SUKABUMIUPDATE.com - Bupati Sukabumi, Marwan Hamami angkat bicara terkait polemik pencabutan status Universal Healt Coberage (UHC) Non-Cut Off oleh Badan Penyelenggara Jaminan Sosial (BPJS) Kesehatan Sukabumi.
UHC Non-Cut Off adalah sistem penjaminan kesehatan untuk warga yang dibiayai oleh pemerintah daerah, termasuk Kabupaten Suikabumi.
Alasan pencabutan UHC Non Cut per 1 Mei 2024 karena persentase keaktifan peserta pada April 2024. Dari data BPJS, hanya 71,81 persen (dari jumlah penduduk semester I 2022), sementara standar UHC Non-Cut Off adalah 75 persen.
Sebagai informasi, kepesertaan JKN Kabupaten Sukabumi sampai dengan bulan April 2024 yaitu sebesar 99,30% dengan jumlah peserta terdaftar 2.754.001 Jiwa dari total jumlah penduduk semester I tahun 2023 yaitu sebesar 2.773.554 jiwa.
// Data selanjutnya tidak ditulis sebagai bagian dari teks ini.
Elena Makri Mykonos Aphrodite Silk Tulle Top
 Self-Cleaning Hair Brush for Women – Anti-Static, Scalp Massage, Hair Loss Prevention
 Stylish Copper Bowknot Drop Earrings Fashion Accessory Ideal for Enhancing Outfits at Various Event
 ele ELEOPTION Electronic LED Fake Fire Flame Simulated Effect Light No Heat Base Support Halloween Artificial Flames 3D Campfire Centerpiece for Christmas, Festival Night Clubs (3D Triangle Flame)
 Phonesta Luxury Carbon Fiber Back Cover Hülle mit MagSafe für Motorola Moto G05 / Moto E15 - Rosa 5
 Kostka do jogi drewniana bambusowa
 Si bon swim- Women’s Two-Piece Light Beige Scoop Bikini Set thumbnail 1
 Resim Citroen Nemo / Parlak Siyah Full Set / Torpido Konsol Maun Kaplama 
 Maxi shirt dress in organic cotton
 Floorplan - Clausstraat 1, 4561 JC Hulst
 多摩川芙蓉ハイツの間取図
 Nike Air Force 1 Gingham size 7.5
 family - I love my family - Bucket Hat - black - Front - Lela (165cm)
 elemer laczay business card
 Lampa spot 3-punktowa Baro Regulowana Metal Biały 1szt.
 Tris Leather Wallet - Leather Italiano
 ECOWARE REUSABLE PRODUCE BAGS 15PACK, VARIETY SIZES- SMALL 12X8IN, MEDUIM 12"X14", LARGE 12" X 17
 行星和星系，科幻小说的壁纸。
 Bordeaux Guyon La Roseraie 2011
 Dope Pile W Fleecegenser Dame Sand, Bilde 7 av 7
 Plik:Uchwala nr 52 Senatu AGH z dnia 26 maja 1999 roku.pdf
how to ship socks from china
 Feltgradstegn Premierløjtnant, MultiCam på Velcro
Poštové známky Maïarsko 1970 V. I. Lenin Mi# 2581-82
Dari total cakupan tersebut, tingkat keaktifan peserta JKN Kabupaten Sukabumi sebesar 71,81% dari jumlah penduduk semester I Tahun 2023 atau sebanyak 1.991.606 jiwa.
Sebelumnya disampaikan, untuk mempertahankan previlage UHC Non Cut Off Kabupaten Sukabumi yaitu dengan meningkatkan persentase keaktifan menjadi 75% diperlukan penambahan peserta baru dan reaktivasi peserta sejumlah 85.000 peserta, Jika reaktivasi keaktivan dapat dilakukan oleh Pemda, maka jaminan pelayanan kesehatan peserta tetap dapat dilakukan seketika dan bukan menggeser jaminan di bulan selanjutnya.
Baca Juga: Satrya Graha dan Subagja Hamara Terpilih Aklamasi, Ketua dan Sekretaris AMSI Jabar 2024-2028
Menurut Marwan, untuk mengejar target 75 persen peserta PBPU/PB dengan penambahan 83 ribu jiwa jumlah peserta baru itu sangat memberatkan bagi pemerintah daerah. Pasalnya banyak ditemukan data peserta tidak aktif yang tetap harus dibayar.
“Hari ini kita meminta revisi. salah satu contoh saja desa yang akan dipakai untuk tempat Healthy Cities Summit (HCS) itu 20 dari 100 orang (sampel) itu tidak jelas datanya, ada yang sudah meninggal dan lain sebagainya, tapi masih tercatat dan itu harus dibayar oleh pemerintah daerah,” ujar Marwan kepada sukabumiupdate.com, Kamis (17/6/2024).
“Maka kita keberatan dalam hal ini harus membayar yang sudah meninggal tapi datanya tidak dihapus,” tambah dia.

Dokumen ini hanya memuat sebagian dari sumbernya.